Noah Hicks’ set at Tortuga Music Festival 2025 played like the festival equivalent of a cold drink in the sun: easy to like, deceptively refreshing, and gone way too fast. In the early-day churn—people arriving, orienting, negotiating meeting spots—Hicks managed to do the hardest thing at Tortuga: make a moving crowd stop moving.
His sound sits in that sweet spot between modern country polish and barroom grit. Live, the vocals came through steady and warm, with enough edge to keep the songs from feeling overly glossy. The band kept everything crisp and driving—tight drums, clean guitars, and choruses that opened wide enough for the shoreline to sing back. Even with wind and surf trying to blur the mix, the performance translated well: punchy, clear, and built for outdoor momentum.

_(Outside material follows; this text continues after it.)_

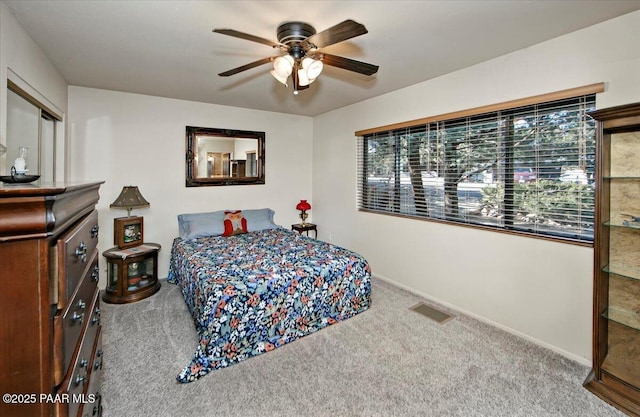 bedroom with ceiling fan and carpet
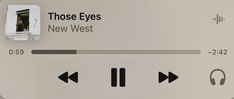 an electronic device with the words those eyes, new west and headphones on it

What stood out most was his pacing and presence. Hicks didn’t overtalk or overhype; he let the songs do the selling. When he did speak, it was quick and genuine—just enough to make the crowd feel seen before launching back into the next hook. That balance matters at a festival, where too much chatter can drain energy and too little can make a set feel anonymous. Hicks threaded the needle.
By the end, you could feel the conversion happening: phones up, heads nodding, strangers singing fragments of choruses they’d only heard once. Tortuga is famous for big names, but it’s sets like this that build the “I discovered them here” stories people take home. Noah Hicks delivered one of those.